Fix tiebreak when loading blocks from disk (and add tests for comparing chain ties) #29640

sr-gi · 2024-03-12T20:11:04Z

This PR grabs some interesting bits from #29284 and fixes some edge cases in how block tiebreaks are dealt with.

Regarding #29284

The main functionality from the PR was dropped given it was not an issue anymore, however, reviewers pointed out some comments were outdated #29284 (comment) (which to my understanding may have led to thinking that there was still an issue) it also added test coverage for the aforementioned case which was already passing on master and is useful to keep.

New functionality

While reviewing the superseded PR, it was noticed that blocks that are loaded from disk may face a similar issue (check #29284 (comment) for more context).

The issue comes from how tiebreaks for equal work blocks are handled: if two blocks have the same amount of work, the one that is activatable first wins, that is, the one for which we have all its data (and all of its ancestors').
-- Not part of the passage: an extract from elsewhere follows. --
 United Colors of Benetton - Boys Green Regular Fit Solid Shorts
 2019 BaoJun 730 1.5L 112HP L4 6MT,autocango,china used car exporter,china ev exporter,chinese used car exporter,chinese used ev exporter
The variable that keeps track of this, within CBlockIndex is nSequenceId, which is not persisted over restarts. This means that when a node is restarted, all blocks loaded from disk are defaulted the same nSequenceId: 0.
Now, when trying to decide what chain is best on loading blocks from disk, the previous tiebreaker rule is not decisive anymore, so the CBlockIndexWorkComparator has to default to its last rule: whatever block is loaded first (has a smaller memory address).
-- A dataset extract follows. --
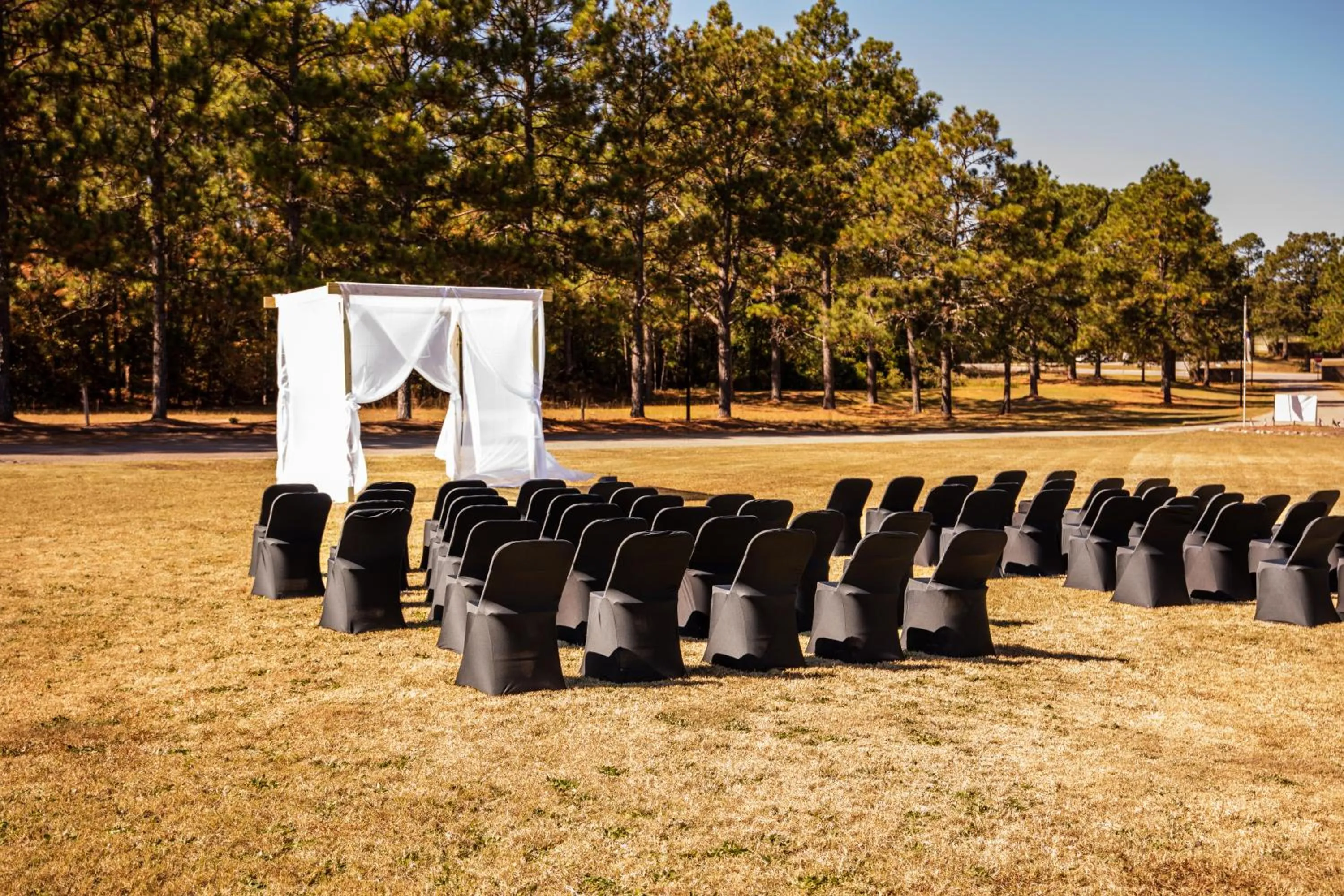 wedding in Carolina Pine Inn near Southern Pines-Pinehurst
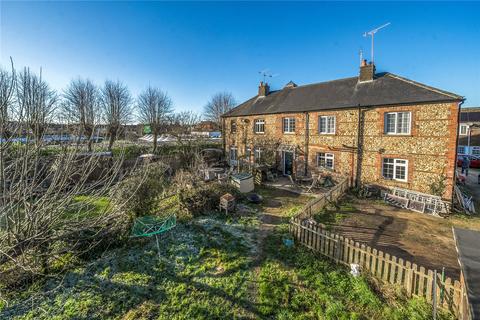 5 bedroom detached house for sale, Weydon Farm Lane, Farnham, GU9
This means that if multiple same work tip candidates were available before restarting the node, it could be the case that the selected chain tip after restarting does not match the one before.

Therefore, the way nSequenceId is initialized is changed to:

0 for blocks that belong to the previously known best chain
1 to all other blocks loaded from disk

DrahtBot · 2024-03-12T20:11:07Z

The following sections might be updated with supplementary metadata relevant to reviewers and maintainers.

Code Coverage & Benchmarks

For details see: https://corecheck.dev/bitcoin/bitcoin/pulls/29640.

Reviews

See the guideline for information on the review process.

Type	Reviewers
Stale ACK	sipa, mzumsande, furszy

If your review is incorrectly listed, please react with 👎 to this comment and the bot will ignore it on the next update.

Conflicts

Reviewers, this pull request conflicts with the following ones:

#29641 (scripted-diff: Use LogInfo over LogPrintf [WIP, NOMERGE, DRAFT] by maflcko)

If you consider this pull request important, please also help to review the conflicting pull requests. Ideally, start with the one that should be merged first.

LLM Linter (✨ experimental)

Possible typos and grammar issues:

In feature_chain_tiebreaks.py: “Make sure than only the former connects” -> “Make sure that only the former connects” [‘than’ should be ‘that’]
In feature_chain_tiebreaks.py: “# Restart and check enough times to this to eventually fail if the logic is broken” -> “# Restart and check this enough times to eventually fail if the logic is broken” [‘to this’ is misplaced and hinders comprehension]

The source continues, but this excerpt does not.